• Task to complete:
Everything in the listing below must be set down again exactly.

• Records to use:
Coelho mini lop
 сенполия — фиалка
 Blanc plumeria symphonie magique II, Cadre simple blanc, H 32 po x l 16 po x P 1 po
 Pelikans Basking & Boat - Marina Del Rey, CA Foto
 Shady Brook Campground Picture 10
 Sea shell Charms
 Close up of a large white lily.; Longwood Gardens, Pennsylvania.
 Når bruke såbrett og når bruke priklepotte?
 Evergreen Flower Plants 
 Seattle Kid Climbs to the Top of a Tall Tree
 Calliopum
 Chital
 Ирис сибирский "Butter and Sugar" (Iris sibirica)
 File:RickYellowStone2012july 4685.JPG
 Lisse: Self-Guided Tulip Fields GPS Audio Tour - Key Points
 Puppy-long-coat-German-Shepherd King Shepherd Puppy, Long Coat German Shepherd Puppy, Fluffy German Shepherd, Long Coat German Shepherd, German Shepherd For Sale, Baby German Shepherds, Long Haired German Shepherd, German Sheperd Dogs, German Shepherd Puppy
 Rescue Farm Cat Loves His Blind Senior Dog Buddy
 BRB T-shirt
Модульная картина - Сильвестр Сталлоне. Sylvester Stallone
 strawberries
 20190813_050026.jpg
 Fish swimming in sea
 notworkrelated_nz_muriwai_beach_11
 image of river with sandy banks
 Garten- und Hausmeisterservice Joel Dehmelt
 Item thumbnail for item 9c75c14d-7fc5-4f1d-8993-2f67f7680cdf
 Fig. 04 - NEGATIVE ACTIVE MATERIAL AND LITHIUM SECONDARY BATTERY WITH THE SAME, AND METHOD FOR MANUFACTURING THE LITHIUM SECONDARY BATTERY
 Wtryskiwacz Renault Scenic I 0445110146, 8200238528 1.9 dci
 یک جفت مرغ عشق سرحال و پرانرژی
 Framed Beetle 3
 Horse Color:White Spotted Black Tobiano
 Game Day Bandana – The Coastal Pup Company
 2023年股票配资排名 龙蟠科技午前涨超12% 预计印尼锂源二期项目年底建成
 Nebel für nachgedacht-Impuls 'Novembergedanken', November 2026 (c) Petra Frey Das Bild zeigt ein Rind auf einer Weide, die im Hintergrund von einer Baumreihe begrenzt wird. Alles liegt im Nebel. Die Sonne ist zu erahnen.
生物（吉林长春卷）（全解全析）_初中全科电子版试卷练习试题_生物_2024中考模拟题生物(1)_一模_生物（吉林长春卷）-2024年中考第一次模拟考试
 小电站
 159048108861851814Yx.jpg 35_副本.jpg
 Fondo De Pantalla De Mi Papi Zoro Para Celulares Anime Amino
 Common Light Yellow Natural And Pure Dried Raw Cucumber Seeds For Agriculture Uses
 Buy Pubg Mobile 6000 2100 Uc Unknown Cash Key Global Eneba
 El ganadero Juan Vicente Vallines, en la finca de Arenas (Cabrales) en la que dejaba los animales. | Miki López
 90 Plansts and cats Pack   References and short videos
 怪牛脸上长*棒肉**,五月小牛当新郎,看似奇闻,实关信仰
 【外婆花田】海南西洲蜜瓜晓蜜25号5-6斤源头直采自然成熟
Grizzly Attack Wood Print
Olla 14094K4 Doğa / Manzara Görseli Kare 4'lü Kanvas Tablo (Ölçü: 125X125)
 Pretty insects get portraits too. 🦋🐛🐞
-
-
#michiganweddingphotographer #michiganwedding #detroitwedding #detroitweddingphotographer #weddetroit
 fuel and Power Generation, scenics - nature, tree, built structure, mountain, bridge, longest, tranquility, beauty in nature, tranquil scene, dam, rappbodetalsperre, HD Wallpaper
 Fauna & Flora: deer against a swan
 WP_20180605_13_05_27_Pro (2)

• Final answer:
Coelho mini lop
 сенполия — фиалка
 Blanc plumeria symphonie magique II, Cadre simple blanc, H 32 po x l 16 po x P 1 po
 Pelikans Basking & Boat - Marina Del Rey, CA Foto
 Shady Brook Campground Picture 10
 Sea shell Charms
 Close up of a large white lily.; Longwood Gardens, Pennsylvania.
 Når bruke såbrett og når bruke priklepotte?
 Evergreen Flower Plants 
 Seattle Kid Climbs to the Top of a Tall Tree
 Calliopum
 Chital
 Ирис сибирский "Butter and Sugar" (Iris sibirica)
 File:RickYellowStone2012july 4685.JPG
 Lisse: Self-Guided Tulip Fields GPS Audio Tour - Key Points
 Puppy-long-coat-German-Shepherd King Shepherd Puppy, Long Coat German Shepherd Puppy, Fluffy German Shepherd, Long Coat German Shepherd, German Shepherd For Sale, Baby German Shepherds, Long Haired German Shepherd, German Sheperd Dogs, German Shepherd Puppy
 Rescue Farm Cat Loves His Blind Senior Dog Buddy
 BRB T-shirt
Модульная картина - Сильвестр Сталлоне. Sylvester Stallone
 strawberries
 20190813_050026.jpg
 Fish swimming in sea
 notworkrelated_nz_muriwai_beach_11
 image of river with sandy banks
 Garten- und Hausmeisterservice Joel Dehmelt
 Item thumbnail for item 9c75c14d-7fc5-4f1d-8993-2f67f7680cdf
 Fig. 04 - NEGATIVE ACTIVE MATERIAL AND LITHIUM SECONDARY BATTERY WITH THE SAME, AND METHOD FOR MANUFACTURING THE LITHIUM SECONDARY BATTERY
 Wtryskiwacz Renault Scenic I 0445110146, 8200238528 1.9 dci
 یک جفت مرغ عشق سرحال و پرانرژی
 Framed Beetle 3
 Horse Color:White Spotted Black Tobiano
 Game Day Bandana – The Coastal Pup Company
 2023年股票配资排名 龙蟠科技午前涨超12% 预计印尼锂源二期项目年底建成
 Nebel für nachgedacht-Impuls 'Novembergedanken', November 2026 (c) Petra Frey Das Bild zeigt ein Rind auf einer Weide, die im Hintergrund von einer Baumreihe begrenzt wird. Alles liegt im Nebel. Die Sonne ist zu erahnen.
生物（吉林长春卷）（全解全析）_初中全科电子版试卷练习试题_生物_2024中考模拟题生物(1)_一模_生物（吉林长春卷）-2024年中考第一次模拟考试
 小电站
 159048108861851814Yx.jpg 35_副本.jpg
 Fondo De Pantalla De Mi Papi Zoro Para Celulares Anime Amino
 Common Light Yellow Natural And Pure Dried Raw Cucumber Seeds For Agriculture Uses
 Buy Pubg Mobile 6000 2100 Uc Unknown Cash Key Global Eneba
 El ganadero Juan Vicente Vallines, en la finca de Arenas (Cabrales) en la que dejaba los animales. | Miki López
 90 Plansts and cats Pack   References and short videos
 怪牛脸上长*棒肉**,五月小牛当新郎,看似奇闻,实关信仰
 【外婆花田】海南西洲蜜瓜晓蜜25号5-6斤源头直采自然成熟
Grizzly Attack Wood Print
Olla 14094K4 Doğa / Manzara Görseli Kare 4'lü Kanvas Tablo (Ölçü: 125X125)
 Pretty insects get portraits too. 🦋🐛🐞
-
-
#michiganweddingphotographer #michiganwedding #detroitwedding #detroitweddingphotographer #weddetroit
 fuel and Power Generation, scenics - nature, tree, built structure, mountain, bridge, longest, tranquility, beauty in nature, tranquil scene, dam, rappbodetalsperre, HD Wallpaper
 Fauna & Flora: deer against a swan
 WP_20180605_13_05_27_Pro (2)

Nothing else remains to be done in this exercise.